This article appeared in The Guardian Development Professionals Network on Friday 10 July, 2015.
Development economist Owen Barder gives an insight into what the coming five days of plenaries, roundtables and side events will be all about
What is FFD3 and what can we expect to happen in Addis Ababa?
This is the first of three summits in 2015 that aim to restate the world’s vision of shared, sustainable prosperity, and re-energise our efforts towards achieving it. FFD3 is the part that focuses mainly on where the money will come from. The meeting will be like a trade fair: thousands of politicians, policymakers, businesses, lobbyists, civil society representatives, media and the odd thinktanker will assemble for a dizzying smorgasbord of side events and private and public meetings. Apart from the negotiations themselves, you can expect to see some countries making announcements that they have held back or conjured up in the hope of getting some publicity.
Was there an equivalent summit when the millennium development goals (MDGs) were being decided 15 years ago? What’s changed in development financing since then?
World leaders met in Monterrey two years after the MDGs were agreed for the first Financing for Development conference. That meeting was the precursor to this summit. The Monterrey Consensus has stood the test of time pretty well – it covers not only overseas development assistance but also other forms of finance and the policies we need to pursue to meet our goals. The big difference in 2015 is the growing recognition that development cooperation is not just about aid. As the world shifts from ensuring that everyone has access to basic services – which is what the MDGs concentrated on – to a broader concept of sustainable development, we also need a wider concept of finance and policies to support development.

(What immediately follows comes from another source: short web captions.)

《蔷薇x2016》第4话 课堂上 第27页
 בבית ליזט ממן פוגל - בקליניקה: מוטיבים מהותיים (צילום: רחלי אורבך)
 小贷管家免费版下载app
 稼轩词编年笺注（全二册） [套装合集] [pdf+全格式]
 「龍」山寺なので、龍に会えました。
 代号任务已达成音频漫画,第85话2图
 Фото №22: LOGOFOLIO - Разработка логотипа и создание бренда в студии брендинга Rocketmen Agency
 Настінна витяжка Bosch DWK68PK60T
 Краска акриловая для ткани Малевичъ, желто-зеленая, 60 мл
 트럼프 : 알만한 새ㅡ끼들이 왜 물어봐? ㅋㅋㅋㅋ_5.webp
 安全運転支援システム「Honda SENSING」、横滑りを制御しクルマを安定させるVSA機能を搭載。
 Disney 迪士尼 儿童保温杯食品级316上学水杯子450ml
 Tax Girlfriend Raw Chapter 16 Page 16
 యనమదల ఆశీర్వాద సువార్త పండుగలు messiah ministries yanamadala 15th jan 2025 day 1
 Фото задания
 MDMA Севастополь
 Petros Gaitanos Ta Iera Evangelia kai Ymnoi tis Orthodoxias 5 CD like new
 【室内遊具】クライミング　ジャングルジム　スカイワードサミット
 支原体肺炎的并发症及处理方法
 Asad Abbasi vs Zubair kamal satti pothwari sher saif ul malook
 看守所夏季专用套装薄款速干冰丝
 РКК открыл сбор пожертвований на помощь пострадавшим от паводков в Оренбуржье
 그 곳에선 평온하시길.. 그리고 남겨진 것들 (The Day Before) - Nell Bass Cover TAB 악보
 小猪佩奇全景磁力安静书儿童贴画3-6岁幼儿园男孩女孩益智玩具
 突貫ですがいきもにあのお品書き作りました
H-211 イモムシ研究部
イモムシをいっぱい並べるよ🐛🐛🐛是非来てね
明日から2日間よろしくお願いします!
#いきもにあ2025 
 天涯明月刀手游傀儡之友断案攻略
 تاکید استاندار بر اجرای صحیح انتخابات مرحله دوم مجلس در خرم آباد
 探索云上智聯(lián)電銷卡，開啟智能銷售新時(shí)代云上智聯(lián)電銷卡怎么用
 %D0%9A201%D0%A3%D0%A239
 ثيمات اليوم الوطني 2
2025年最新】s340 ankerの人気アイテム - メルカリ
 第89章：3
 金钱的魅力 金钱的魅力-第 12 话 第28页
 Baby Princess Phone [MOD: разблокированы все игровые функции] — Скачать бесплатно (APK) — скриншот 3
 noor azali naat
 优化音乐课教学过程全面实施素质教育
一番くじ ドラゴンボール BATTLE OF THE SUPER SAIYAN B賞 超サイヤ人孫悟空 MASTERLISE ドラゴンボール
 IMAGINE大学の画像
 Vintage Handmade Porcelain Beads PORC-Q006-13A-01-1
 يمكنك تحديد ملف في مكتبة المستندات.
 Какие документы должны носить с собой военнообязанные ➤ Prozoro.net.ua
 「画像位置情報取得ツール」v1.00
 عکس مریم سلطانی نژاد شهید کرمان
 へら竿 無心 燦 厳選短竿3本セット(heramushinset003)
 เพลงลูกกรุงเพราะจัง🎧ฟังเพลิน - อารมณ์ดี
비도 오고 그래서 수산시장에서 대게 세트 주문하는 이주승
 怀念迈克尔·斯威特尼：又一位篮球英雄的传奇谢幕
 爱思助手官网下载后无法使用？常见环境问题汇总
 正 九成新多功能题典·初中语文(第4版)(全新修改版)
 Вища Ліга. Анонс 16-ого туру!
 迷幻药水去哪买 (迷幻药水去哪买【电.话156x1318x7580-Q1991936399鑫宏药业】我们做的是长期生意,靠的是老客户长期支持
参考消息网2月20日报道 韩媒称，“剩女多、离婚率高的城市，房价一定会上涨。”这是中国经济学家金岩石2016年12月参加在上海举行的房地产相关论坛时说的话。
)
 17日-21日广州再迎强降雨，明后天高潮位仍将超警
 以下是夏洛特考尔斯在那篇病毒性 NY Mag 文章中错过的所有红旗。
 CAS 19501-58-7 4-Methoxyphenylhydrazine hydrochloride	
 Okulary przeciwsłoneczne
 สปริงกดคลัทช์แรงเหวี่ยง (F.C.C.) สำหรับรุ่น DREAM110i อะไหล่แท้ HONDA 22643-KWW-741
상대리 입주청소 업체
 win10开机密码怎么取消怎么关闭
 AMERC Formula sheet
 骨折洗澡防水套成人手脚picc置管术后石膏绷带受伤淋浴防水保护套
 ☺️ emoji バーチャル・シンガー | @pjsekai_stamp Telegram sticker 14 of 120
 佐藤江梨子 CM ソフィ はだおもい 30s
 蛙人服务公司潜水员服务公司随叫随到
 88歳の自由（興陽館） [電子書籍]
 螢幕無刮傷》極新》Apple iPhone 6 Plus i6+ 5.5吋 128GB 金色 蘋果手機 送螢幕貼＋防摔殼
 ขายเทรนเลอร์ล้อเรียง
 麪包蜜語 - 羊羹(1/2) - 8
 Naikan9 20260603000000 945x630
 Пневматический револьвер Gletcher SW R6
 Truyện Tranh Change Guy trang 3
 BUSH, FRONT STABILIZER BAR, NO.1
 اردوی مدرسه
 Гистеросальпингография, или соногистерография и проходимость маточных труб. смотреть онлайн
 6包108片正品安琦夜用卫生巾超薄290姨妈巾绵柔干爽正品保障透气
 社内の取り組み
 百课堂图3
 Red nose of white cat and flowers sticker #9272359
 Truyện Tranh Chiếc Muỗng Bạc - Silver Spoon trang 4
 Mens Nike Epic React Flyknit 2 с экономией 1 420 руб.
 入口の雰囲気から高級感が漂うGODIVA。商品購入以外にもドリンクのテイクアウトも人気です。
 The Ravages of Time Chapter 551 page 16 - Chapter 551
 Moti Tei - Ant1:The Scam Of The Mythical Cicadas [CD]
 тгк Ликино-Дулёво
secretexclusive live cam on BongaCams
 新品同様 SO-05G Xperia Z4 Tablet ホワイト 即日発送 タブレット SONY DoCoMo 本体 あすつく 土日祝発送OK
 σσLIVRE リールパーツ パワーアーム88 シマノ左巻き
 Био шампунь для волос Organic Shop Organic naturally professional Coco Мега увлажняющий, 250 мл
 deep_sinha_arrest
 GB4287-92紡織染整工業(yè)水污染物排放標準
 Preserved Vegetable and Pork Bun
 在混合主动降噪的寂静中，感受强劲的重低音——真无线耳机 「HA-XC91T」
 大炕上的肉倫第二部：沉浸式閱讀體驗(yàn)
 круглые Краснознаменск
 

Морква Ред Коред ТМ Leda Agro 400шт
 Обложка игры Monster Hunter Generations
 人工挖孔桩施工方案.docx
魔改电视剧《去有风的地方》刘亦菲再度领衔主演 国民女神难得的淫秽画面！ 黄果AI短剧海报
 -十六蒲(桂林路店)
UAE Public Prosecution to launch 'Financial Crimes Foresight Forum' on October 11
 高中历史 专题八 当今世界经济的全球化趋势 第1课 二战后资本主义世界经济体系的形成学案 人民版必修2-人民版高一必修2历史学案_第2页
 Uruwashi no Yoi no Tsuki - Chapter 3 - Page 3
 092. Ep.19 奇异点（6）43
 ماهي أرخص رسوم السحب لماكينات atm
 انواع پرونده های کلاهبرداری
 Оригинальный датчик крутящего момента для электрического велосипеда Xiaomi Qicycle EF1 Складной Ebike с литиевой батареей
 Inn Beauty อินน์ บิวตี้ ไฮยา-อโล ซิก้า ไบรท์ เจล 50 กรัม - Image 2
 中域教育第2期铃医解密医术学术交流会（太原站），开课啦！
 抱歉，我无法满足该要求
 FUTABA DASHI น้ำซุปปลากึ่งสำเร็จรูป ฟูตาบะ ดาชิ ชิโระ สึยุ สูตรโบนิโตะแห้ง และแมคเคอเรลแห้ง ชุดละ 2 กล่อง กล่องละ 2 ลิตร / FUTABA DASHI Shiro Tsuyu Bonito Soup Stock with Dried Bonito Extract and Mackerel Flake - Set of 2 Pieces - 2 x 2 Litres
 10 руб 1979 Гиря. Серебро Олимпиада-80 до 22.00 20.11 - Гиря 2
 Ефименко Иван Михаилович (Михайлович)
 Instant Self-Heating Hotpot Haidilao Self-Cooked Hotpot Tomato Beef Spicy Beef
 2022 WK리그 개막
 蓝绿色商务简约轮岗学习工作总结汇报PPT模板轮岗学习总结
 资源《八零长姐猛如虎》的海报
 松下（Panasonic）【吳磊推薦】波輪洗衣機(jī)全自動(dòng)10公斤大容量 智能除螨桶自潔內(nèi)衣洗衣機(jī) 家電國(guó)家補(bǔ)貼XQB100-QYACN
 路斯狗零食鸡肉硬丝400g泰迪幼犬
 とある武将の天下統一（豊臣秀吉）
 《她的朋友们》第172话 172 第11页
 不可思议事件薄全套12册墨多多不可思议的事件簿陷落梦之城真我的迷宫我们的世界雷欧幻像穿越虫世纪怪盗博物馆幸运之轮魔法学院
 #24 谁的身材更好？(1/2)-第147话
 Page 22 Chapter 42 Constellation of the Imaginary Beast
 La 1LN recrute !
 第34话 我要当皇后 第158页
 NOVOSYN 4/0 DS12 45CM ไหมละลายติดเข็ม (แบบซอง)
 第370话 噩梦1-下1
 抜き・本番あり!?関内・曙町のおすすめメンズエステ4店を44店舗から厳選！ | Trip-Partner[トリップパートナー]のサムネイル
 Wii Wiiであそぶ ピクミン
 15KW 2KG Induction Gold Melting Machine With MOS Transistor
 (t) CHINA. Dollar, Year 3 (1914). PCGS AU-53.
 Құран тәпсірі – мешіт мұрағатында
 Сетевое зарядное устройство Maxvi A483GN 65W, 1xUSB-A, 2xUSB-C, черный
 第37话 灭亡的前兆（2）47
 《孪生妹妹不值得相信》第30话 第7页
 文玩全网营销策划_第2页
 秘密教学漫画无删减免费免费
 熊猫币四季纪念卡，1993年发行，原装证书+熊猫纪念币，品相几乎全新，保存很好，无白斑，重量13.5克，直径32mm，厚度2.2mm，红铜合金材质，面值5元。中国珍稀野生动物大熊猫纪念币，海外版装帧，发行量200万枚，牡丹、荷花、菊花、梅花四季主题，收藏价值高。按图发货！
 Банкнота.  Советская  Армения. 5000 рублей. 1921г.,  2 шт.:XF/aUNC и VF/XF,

It will mainly come from private investment and domestic tax revenues. Foreign aid is already dwarfed by private financial flows, but it is still a precious resource, important because it reaches people and challenges that private finance alone cannot. Developing countries would rather have jobs than aid, though many will need both for a while. A key challenge is to help countries attract investment and growth so they can create jobs and income, and increase tax revenues to pay for public services.
The organisers have been talking a lot about partnership but who really holds the power at these negotiations and how might they use it?
These summits set global aspirations and norms, they are not binding treaties or contracts. In the end, countries will decide for themselves what they are going to do, but these meetings help frame their thinking, just as the MDGs helped to focus the world’s attention on reducing absolute poverty and improving access to key services. When the MDGs were agreed, it was natural to ask what rich countries could and should do for poor countries. The world is no longer divided into rich and poor in the same way, with the rise of emerging powers and the transition of many poor countries to middle income status. Today the discussion is more about the ways in which countries can work together to tackle shared challenges and priorities.
Building a sustainable world is ambitious and expensive. What will success in Addis Ababa look like?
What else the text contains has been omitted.